Meet...Jethro

Jethro – real name Geoff Rowe – was one of the country’s best loved comedy legends.

A farmer’s son born in 1948 in the village of St Buryan, West Cornwall, he worked as a carpenter and in a tin mine before jointing a local operatic society.

Rowe started touring pubs and clubs in Cornwall, singing traditional songs. One night he ran out of voice and couldn’t sing anymore, so he told a joke instead. It was well received, and so he began developing his comedy act.

After his popularity grew in Cornwall and Devon through the 1970s and 1980s, Rowe made his first national television performance in 1990 on the Des O’Connor Show. He subsequently appeared a record nine times on the show.

He also appeared five times on Jim Davidson’s The Generation Game show, twice giving a demonstration of how to make a Cornish pasty as well as on regional television, though much of his material was considered unsuitable for a television audience.

Although rarely seen on TV, at his peak he sold more than 250,000 theatre seats a year.

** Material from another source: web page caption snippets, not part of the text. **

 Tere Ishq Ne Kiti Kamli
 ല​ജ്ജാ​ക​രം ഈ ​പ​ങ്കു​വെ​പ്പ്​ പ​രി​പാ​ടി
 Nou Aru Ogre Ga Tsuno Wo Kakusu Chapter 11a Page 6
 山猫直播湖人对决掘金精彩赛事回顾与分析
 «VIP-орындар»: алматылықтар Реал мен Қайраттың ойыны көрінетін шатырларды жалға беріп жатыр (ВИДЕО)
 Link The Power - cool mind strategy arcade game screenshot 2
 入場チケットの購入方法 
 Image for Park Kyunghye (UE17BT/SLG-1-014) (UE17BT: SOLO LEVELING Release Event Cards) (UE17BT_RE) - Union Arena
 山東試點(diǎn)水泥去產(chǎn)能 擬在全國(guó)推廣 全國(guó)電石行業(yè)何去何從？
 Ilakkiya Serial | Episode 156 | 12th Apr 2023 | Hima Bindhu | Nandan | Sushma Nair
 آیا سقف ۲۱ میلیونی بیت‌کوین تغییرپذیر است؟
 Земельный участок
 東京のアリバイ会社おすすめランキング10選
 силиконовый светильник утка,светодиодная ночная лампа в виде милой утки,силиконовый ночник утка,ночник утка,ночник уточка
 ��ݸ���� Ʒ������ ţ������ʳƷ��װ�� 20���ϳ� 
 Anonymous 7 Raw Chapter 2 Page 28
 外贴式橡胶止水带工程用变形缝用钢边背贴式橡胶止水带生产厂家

He produced his first video, A Portion of Jethro, in 1993, which sold nearly 150,000 copies, a success which he followed up with another nine titles.

In 2001, he appeared in a Royal Variety Performance and was best known for his “This Train Don’t Stop Camborne Wednesdays” routine, partly because it was aired more on the television. 

He died on December 14, 2021, from Covid-19.